Diatom: Polylithic Binary Lifting with Data-flow Summaries and Type-aware IR Linking
Binary lifting, which translates binary code into LLVM intermediate representations (IRs) through iterative IR transformations for recovering high-level constructs from low-level machine features, is the cornerstone of many binary analysis systems. Therefore, the scalability and precision of the upper layer analysis could be greatly affected by the underlying binary lifting. However, all existing binary lifters still suffer from severe performance problems in that they require much time to handle extremely large binaries, which becomes a barrier to achieving the expected performance gains in various analyses and hinders them from meeting the requirement of quick response in modern continuous integration pipelines. We found that the root cause of the scalability issue is the inherent “monolithic” design that performs all lifting stages on a single LLVM module, which entails a global environment that enforces sequential dependences between any two transformations on IRs, thus limiting the parallelism.
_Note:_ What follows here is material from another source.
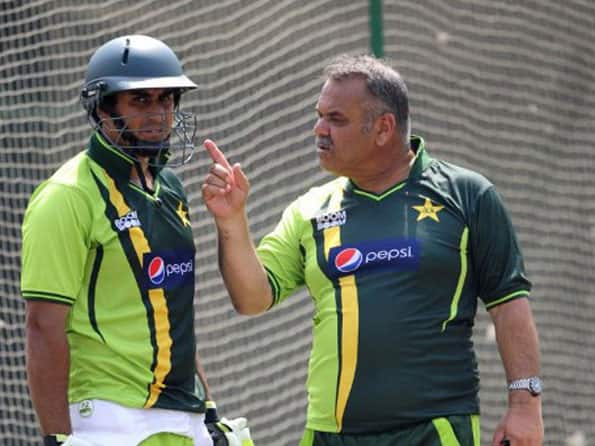Dav Whatmore overviewing Pakistan team revamp Dav Whatmore overviewing Pakistan team revamp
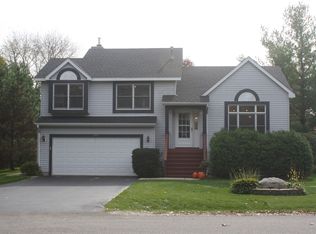 1909 Grandview Dr, Johnsburg, IL 60051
This paper presents Diatom, a novel parallel binary lifter powered by a new “polylithic” design, which decomposes the monolithic LLVM module into partitions to perform fully parallelized binary lifting. In the meantime, it leverages light-weight data-flow summaries and type-aware IR linking to avoid soundness loss caused by separating dependent code fragments. Large-scale experiments on 16 real-world benchmarks whose sizes range from dozens of megabytes (MBs) to several gigabytes (GBs) show that Diatom achieves an average speedup of 7.45× and a maximum speedup of 16.8× over a traditional monolithic binary lifter, while still maintaining the lifting soundness. Diatom can complete the translation for the Linux Kernel binary within only 10 minutes, which significantly accelerates the overall binary code analysis process.